Apps ist es untersagt, eine Erlaubnis für den Zugriff auf Standortdaten (Location Services) einzuholen.
Die Nutzung der API wird auf eine App pro Land beschränkt, «um eine hohe Benutzerakzeptanz zu fördern und eine Fragmentierung zu vermeiden». In Ländern, wo es mehrere regionale Apps gibt, wie zum Beispiel den USA, signalisieren die Techkonzerne Entgegenkommen.
Die Apple- und Google-Vertreter betonen: "Die Akzeptanz durch die Benutzer ist der Schlüssel zum Erfolg, und wir glauben, dass diese strengen Datenschutzbestimmungen auch der beste Weg sind, um die Verwendung dieser Apps zu fördern."
Wie reagiert der Bund?
Seitens Bundesamt für Gesundheit (BAG) liegt eine erste Reaktion vor. "Wir begrüssen die allgemeine Verfügbarkeit der Exposure Notification API, welche die Basis für die SwissCovid-App darstellt. Sobald die abschliessenden Tests an der EPFL und der ETH Zürich abgeschlossen sind, werden wir gemäss der Verordnung des Bundesrates vom 13. Mai 2020 mit dem Piloten der App beginnen", sagt Sang-Il Kim, Direktor für digitale Transformation beim BAG.
Die Schweizer Corona-Warn-App wird bekanntlich vom Konsortium DP-3T entwickelt, unter Leitung der Eidgenössisch-Technischen Hochschulen Lausanne (EPFL) und Zürich.

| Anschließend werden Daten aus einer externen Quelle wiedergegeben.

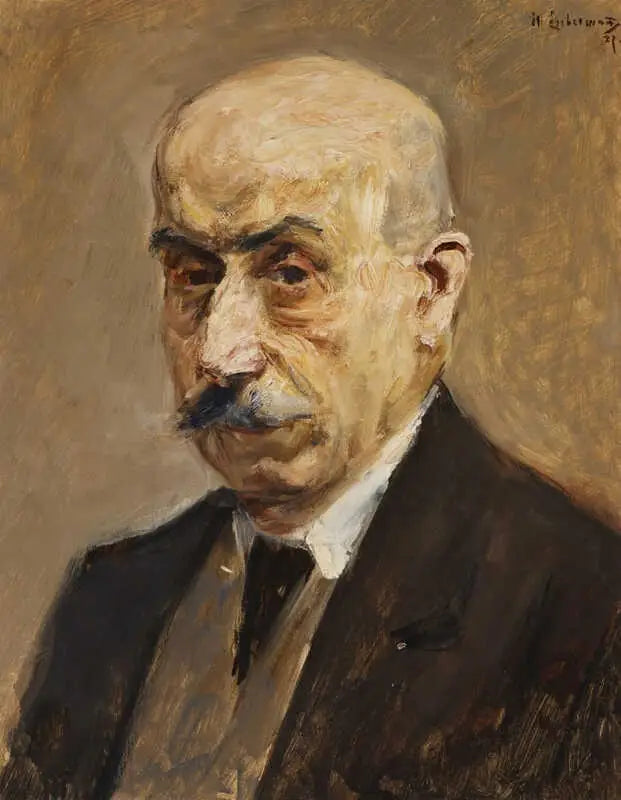 Selbstporträt - Max Liebermann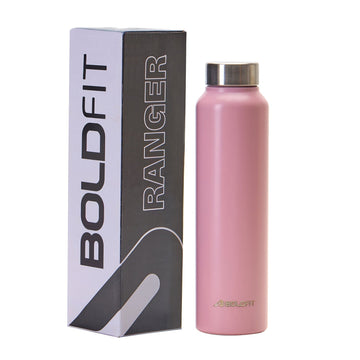 Lean SS Bottle 1 ltr - Pale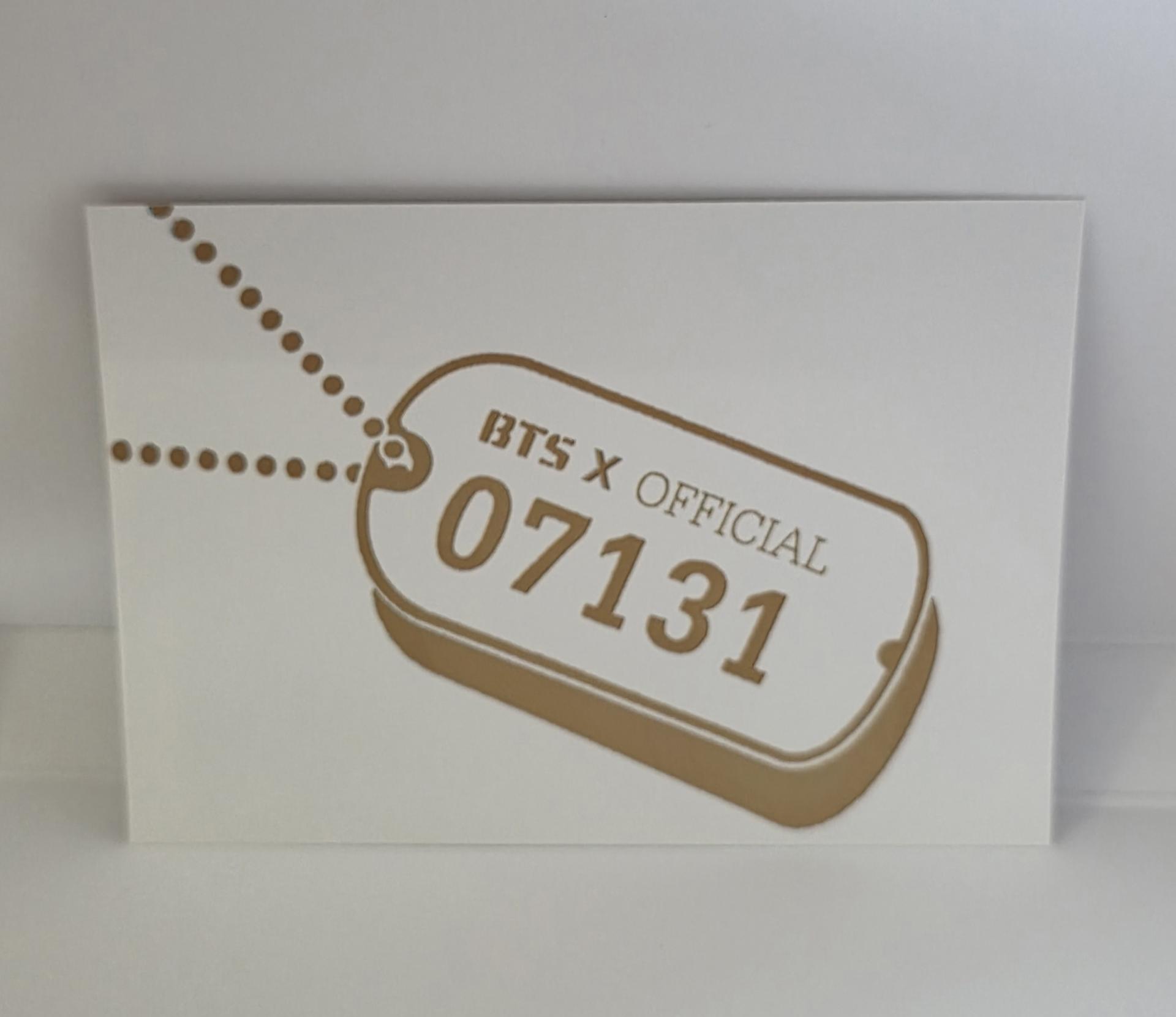 BTS  Seasons Greetings 2014 1st Fan Club Diary Limited Edition Postcards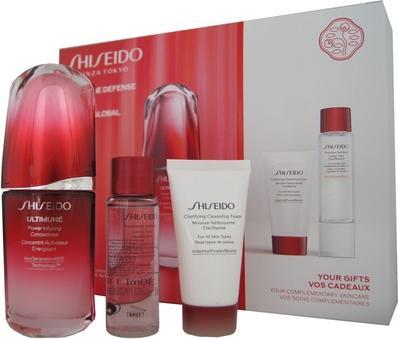Actual product image Shiseido Rinkinys (Ultimune Power Infusing Concentrate 50ml+ Clarifying Cleansing Foam 30ml+ Treatme (50 ml)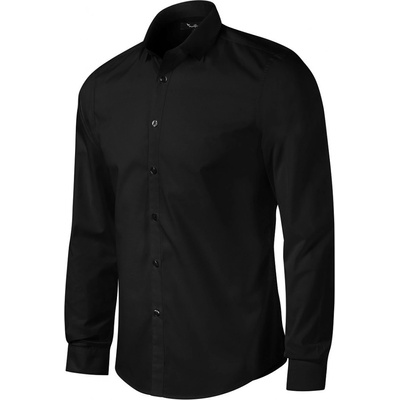 Malfini Premium Dynamic 262 pánska košeľa čierna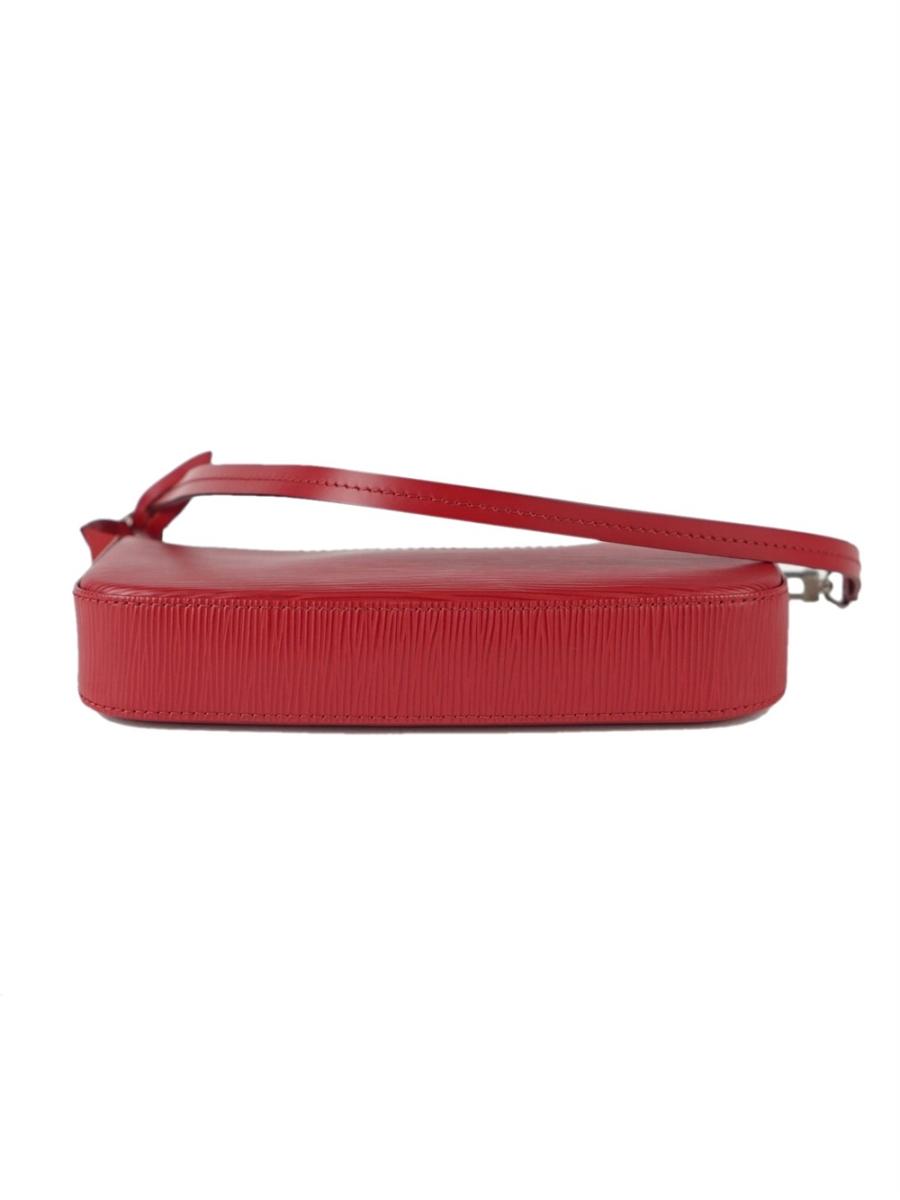 CLUTCH - LOUIS VUITTON NM EPI FUCHSIA POCHETTE CLUTCH - LOUIS VUITTON NM EPI FUCHSIA POCHETTE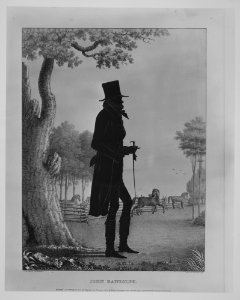Silhouette Portrait of John Randolph MET MM9173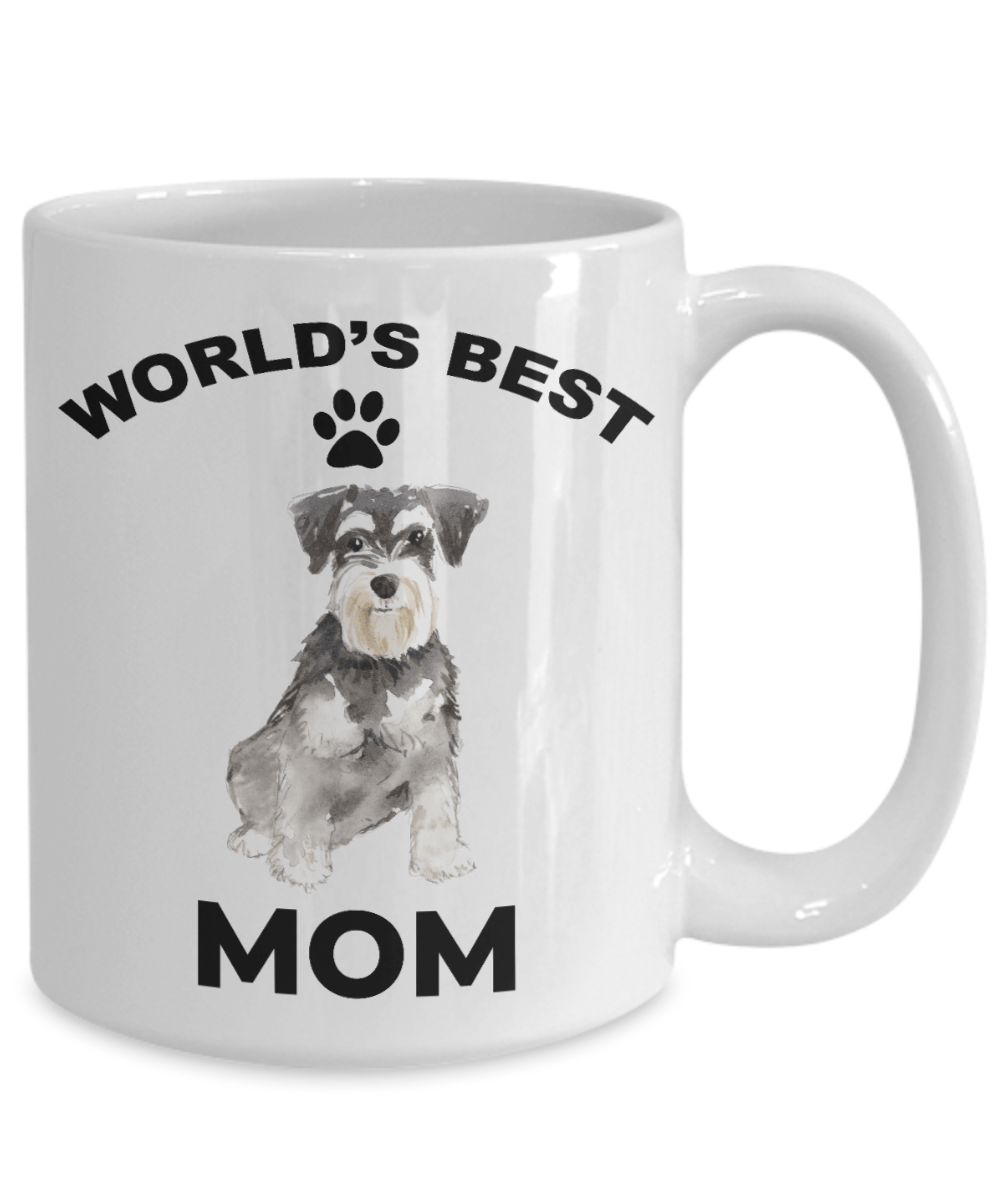 Miniature Schnauzer Best Dog Mom Coffee Mug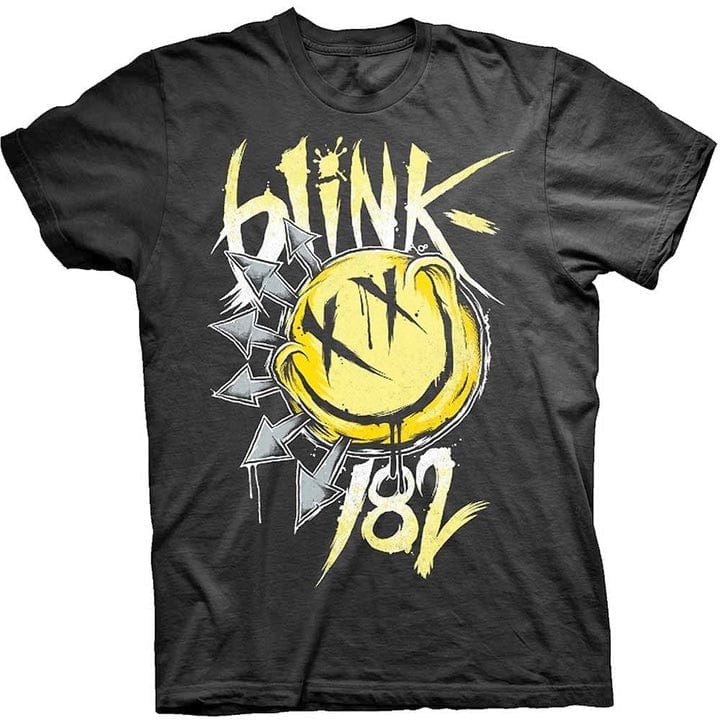 Blink182 - Big Smile Black - Large [T-Shirts]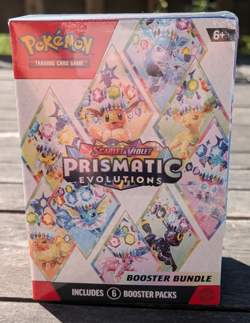 Pokemon TCG Prismatic Evolutions Booster Bundle Sealed 162g HEAVY - GOD PACKU 🤔 - Image 1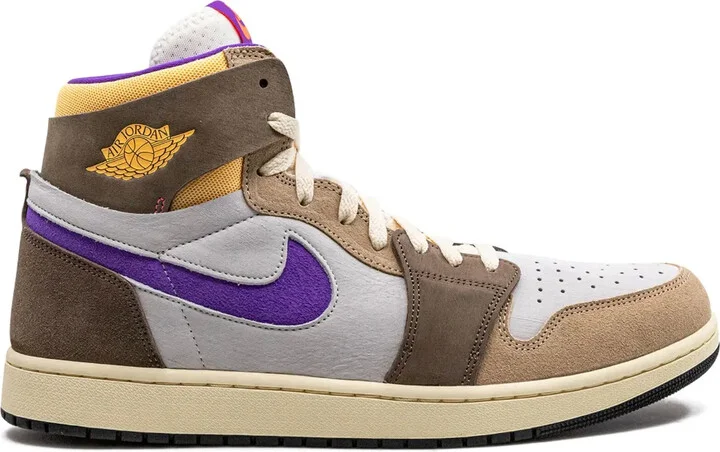 Jordan 1 High Zoom Air CMFT 2 "Palomino Wild Berry" sneakers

Das Team steht seit Wochen in intensivem Austausch mit Apple und Google und hat sich auch aktiv an der Verbesserung der entsprechenden Schnittstellen beteiligt.
Am 20. Mai hat der Bundesrat die Botschaft zur dringlichen Änderung des Epidemiengesetzes veröffentlicht, die es für die Lancierung der App braucht. Die App wird darin als "SwissCovid" bezeichnet – offenbar der offizielle Name, wie der Epidemiologe Marcel Salathé via Twitter bestätigte.
Laut Bundesrat werden die App-Entwicklungskosten "auf einmalig 1,65 Millionen Franken geschätzt und die bis im Ende Juni 2022 anfallenden Betriebskosten auf rund 1,2 Millionen Franken pro 12 Monaten Betriebsdauer."